重要無形文化財「型絵染」の創始者 染色工芸家の芹沢 銈介(芹澤銈介、せりざわ けいすけ)氏。
民芸運動にも積極的に参加し、民芸運動の同人雑誌「工藝」の装丁もし、 自然、風景、文字、職人の姿など様々なモチーフの作品を残しています。
ここでは、芹沢けい介氏のプロフィール、学歴、経歴、賞歴、作品を見ていきましょう。
また、静岡県にある芹沢銈介美術館も紹介します。
芹沢けい介のプロフィール 経歴・学歴・賞歴
生年:1895年(明治28年)5月13日
没年:1984年(昭和59年)4月5日 享年88歳
出身地:静岡県静岡市(現葵区)
学歴:東京高等工業学校(現在の東京工業大学)工業図案科 卒業
芹沢氏は、1895年 静岡市の呉服卸商西野屋、大石角次郎の7人兄弟の次男として生まれます。東京高等工業学校を1916年に卒業し、郷里の静岡に帰り、翌年 21歳のときに芹沢たよ氏(18歳)と結婚し、芹沢姓となりました。
静岡県立工業試験場にて図案指導を担当するかたわら、商業デザインにも従事し、手芸グループも発足。
1927年、友人と朝鮮旅行に出た際、柳宗悦の論文「工藝の道」を読み感銘し、生涯柳氏を師と仰ぎ、民藝協会の主要なメンバーとして、活動していくことになります。そして、「民藝館」にあった沖縄の紅型の風呂敷に衝撃を受け、染色家の道を決意しました。
34歳で、ろうけつ染「紺地蔬菜文壁掛」を「第4回国画会展」に出品して入選、国画奨学賞を受賞し、染色家としてデビュー。
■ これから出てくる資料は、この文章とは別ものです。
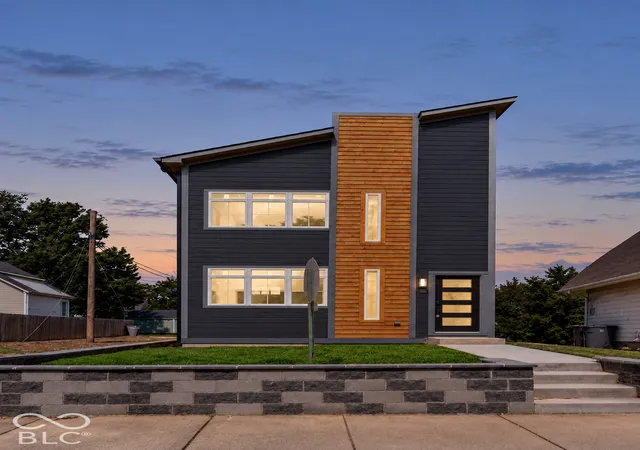 Single family home for sale at 620 E 21st Street, Indianapolis, IN 46202 | MLS# 22129203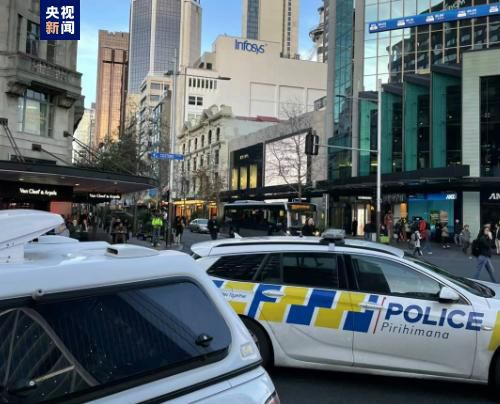 以全国第一的成绩考入北京电影学院的吴磊不忘叮嘱粉丝要好好学习，并表示在大学期间他也会好好学习，今后继续接好戏，成为一个好演员，引发现场粉丝高呼;你已经是个好演员了！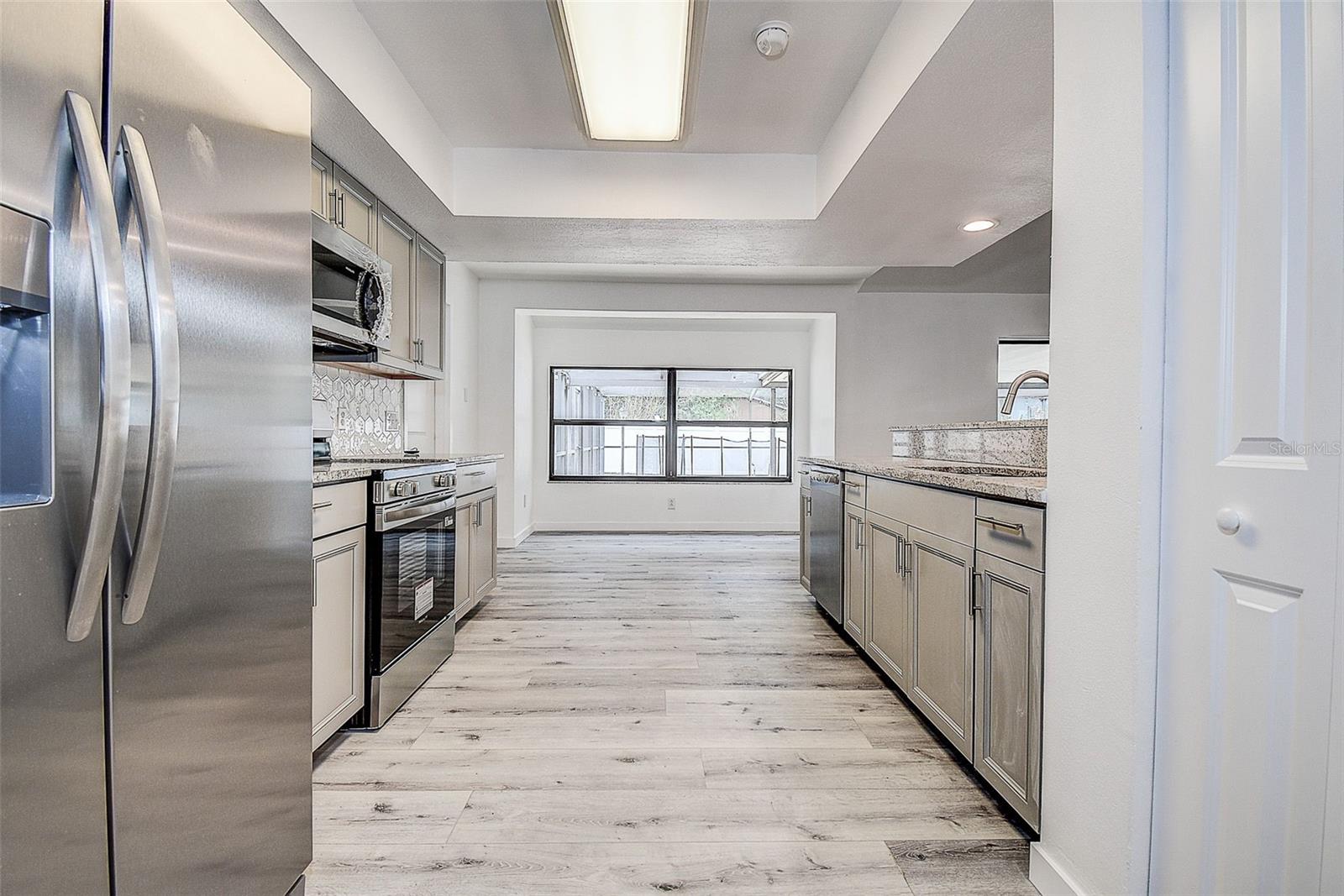 9404 W HAMILTON AVE — photo 4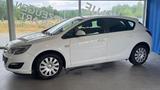 Opel Astra J Lim. 5-trg. Selection - Opel Astra: Selection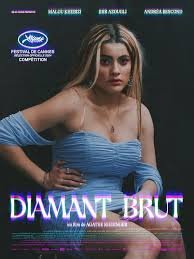 Ciné : « Diamant brut », un « female gaze » sur l’hypersexualisation des candidates de téléréalité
作曲家 水谷良一の厚意によって東京 蒲田に土地と工房を構えます。
1939年に民藝運動の柳宗悦氏、河井寛次郎氏らと沖縄の那覇を訪れ、奥名和の伝統文化に触れ、芹沢氏の作品は明るくのびのびした作風に変化していきます。
残念ながら、これまでの作品は空襲で焼かれてしまい、大半が焼失してします。しかし、芹沢氏は再度蒲田に土地を購入し、自宅と工房を建て制作活動を続けていきます。
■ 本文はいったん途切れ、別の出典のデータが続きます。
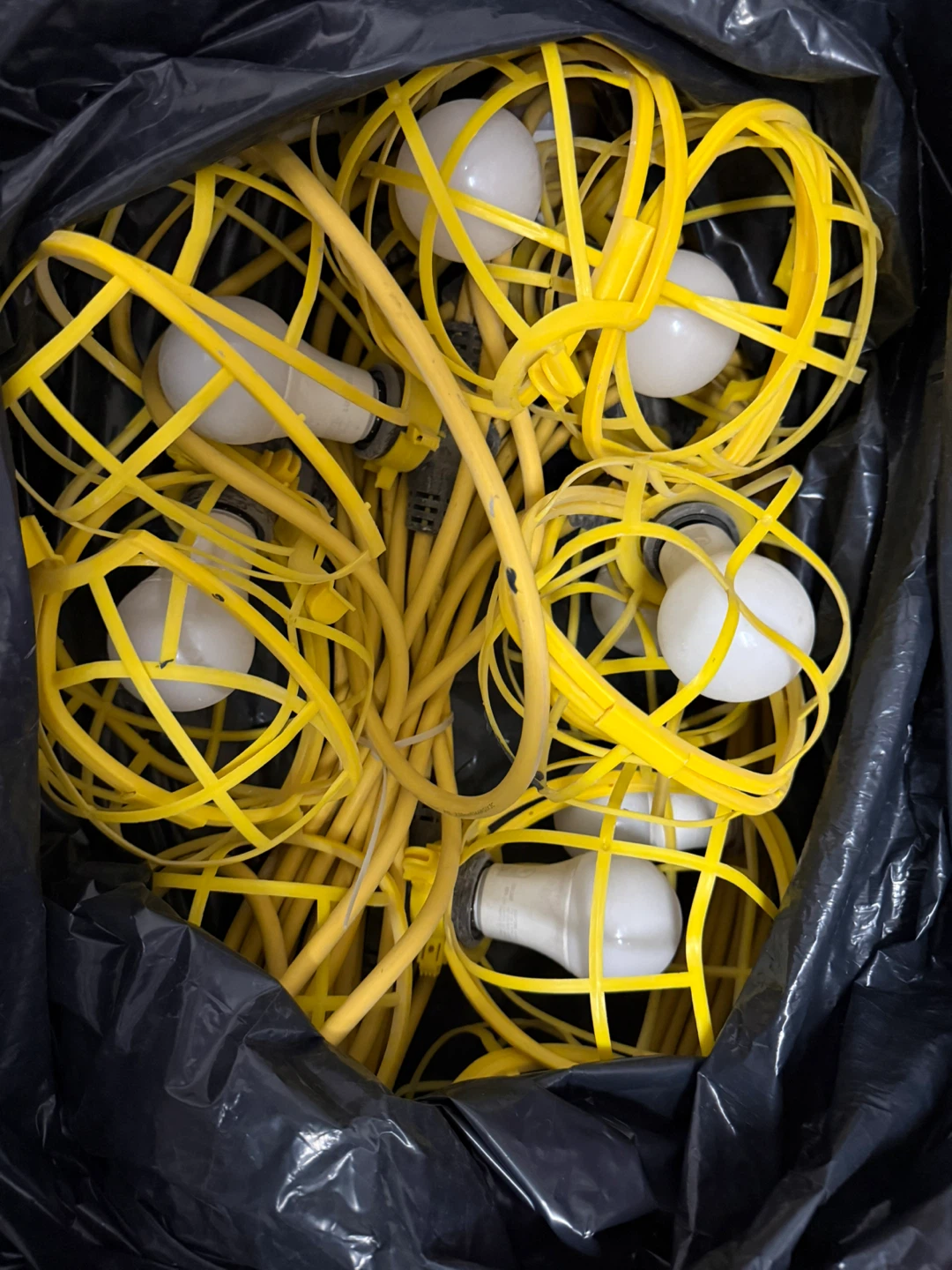 HANGING COMMERICAL STRING LIGHTS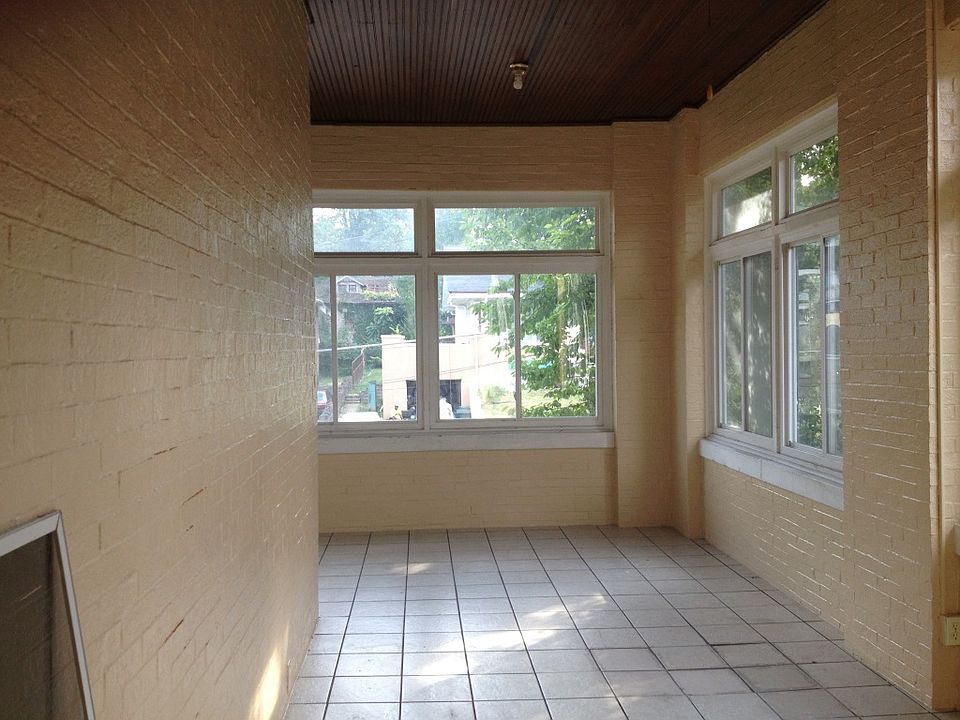 2nd image of 782 Clinton Springs Ave #2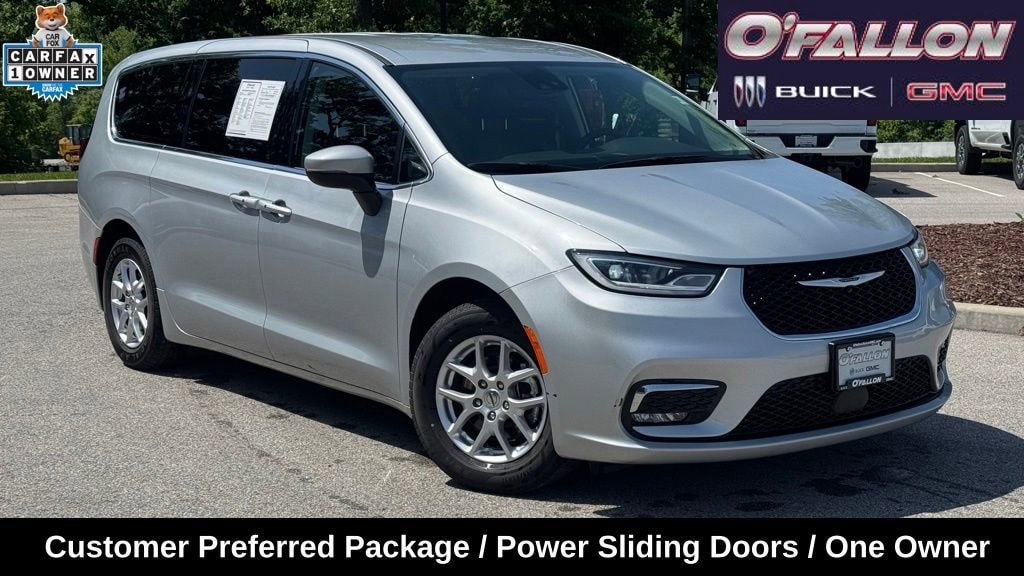 2023 Chrysler Pacifica Touring L's photo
1955年、芹沢染紙研究所を設立し、カレンダー、カード、リーズナブルな値段と洗練されたデザインで人気がでて、事業も成功。1956年、「型絵染(かたえぞめ)」が重要無形文化財に指定され、芹沢氏は人間国宝に認定されました。
71歳でヨーロッパ旅行をし、古今東西の異文化作品の蒐集が始まります。それらをモチーフにした屏風、のれん、帯地、ガラス絵、板絵、絵本などが多数制作されています。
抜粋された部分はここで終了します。